First, I would sway her away from something “typical”. If she is hoping to stand out, hoping to be memorable, she’ll want to consider something outside the box. Let’s avoid the princess and fairy outfits. The streets at Halloween are filled with pixies, fake wings, and enough Princesses and Tinkerbells that you’d think Disney has taken out stock in the October holiday.
Next, it’s important to consider costume ideas that are not too expensive. The costume she wears this year won’t fit her next year. Heck, it might not even fit her anymore at Thanksgiving. As such, why spend a ridiculous amount of money on something that within weeks will be passed on, packed away, or stored in the garage sale designated section of the basement? Even better, our apartment is riddled with items that we could use, free of charge, to create some unique Halloween attire. I may not even have to leave home to get the costume in order.

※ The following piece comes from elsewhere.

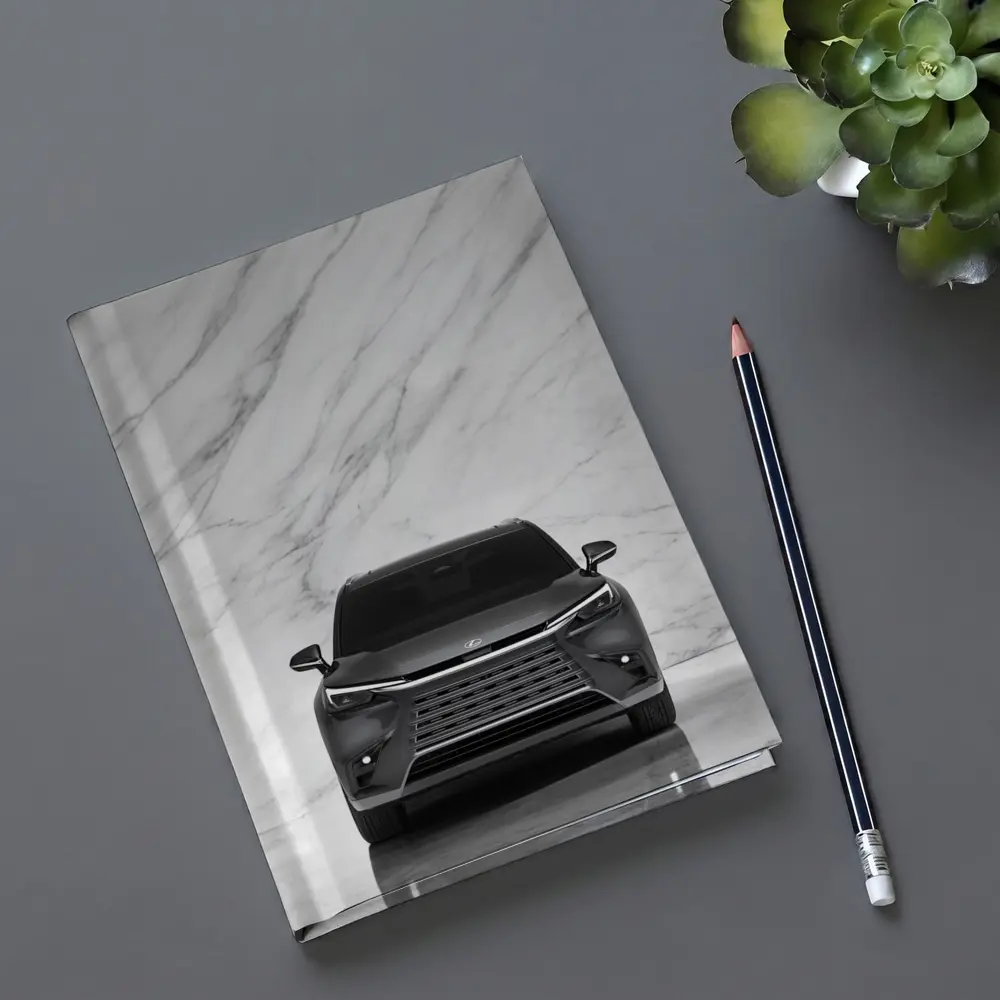 Lexus TX Front View White Marble Background – Notebooks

Lastly, I want to consider that ultimately, the purpose of her evening outing is not for the costume. I mean, she’s not going to the prom. This is about the bounty. This is about what is brought home. This is about finding the house that gives full size candy bars and then walking around the block and coming back two more times that evening to get more candy bars. The costume is secondary; however, the costume can contribute to the goodie load. Cute and cuddly is a beneficial approach- something that speaks to either the heart or the humor of the homeowner. She might be able to gain an extra freebie from a heart warmed or chuckling neighbor and that equates to daddy benefiting from an extra Mike and Ike packet or Butterfinger at the end of the night.
Keeping in mind these requirements, here is my list of suggested costumes that I will share with her:
1. She could be a librarian. Load up her wagon with books, give her an old pair of daddies glasses and have her tell the other kids, “Shhhh!” anytime they say “Trick or Treat at the door”.
2. Mommy I shrunk our child! She could dress up in a pair of jeans and a t-shirt from either of her parents and walk around pretending to have been shrunk by accident in some strange home science accident. Even have her complain about not being able to go to the office the next day if she is can’t be restored to her regular size.
3. Duct Tape Mummy. Actually on second thought that doesn’t seem like a good idea.
4. A Domino. Get an old box out of the basement, cut out a head and arm holes, paint it black and white. There you go. Who doesn’t like a costume modeled after beloved games. Maybe I could figure out a Scrabble tile too?
5. Daddy on the Toilet. Get her old potty training toilet out of the basement. Using a belt and some duct tape, attach the toilet and then strap the belt on so it looks like she’s sitting on the toilet. Set her on the wagon, with her pants around her ankle (although she’ll have shorts on) and give her a newspaper to pretend to read. Let the hilarity ensue. The downside is someone would have to carefully pull her around the neighborhood but think of the joy when she can yell for someone to light a match?
Halloween is going to be great and I know regardless of what she wears, we’ll have a great time and we’ll have our fill (and hopefully a few extra pieces for Dad and, I suppose, Mom as long as she leaves anything gummy and with peanut butter to me). In your own planning for Halloween, keep in mind that aside from the perfect costume, you want to consider safety. Check out the CDC website for some tips to enjoying Halloween. What do you think are the odds she’d go as Daddy on the Toilet? That’s my favorite. I’ve got to teach her instead of saying “Trick or Treat” to say “Pull my Finger”.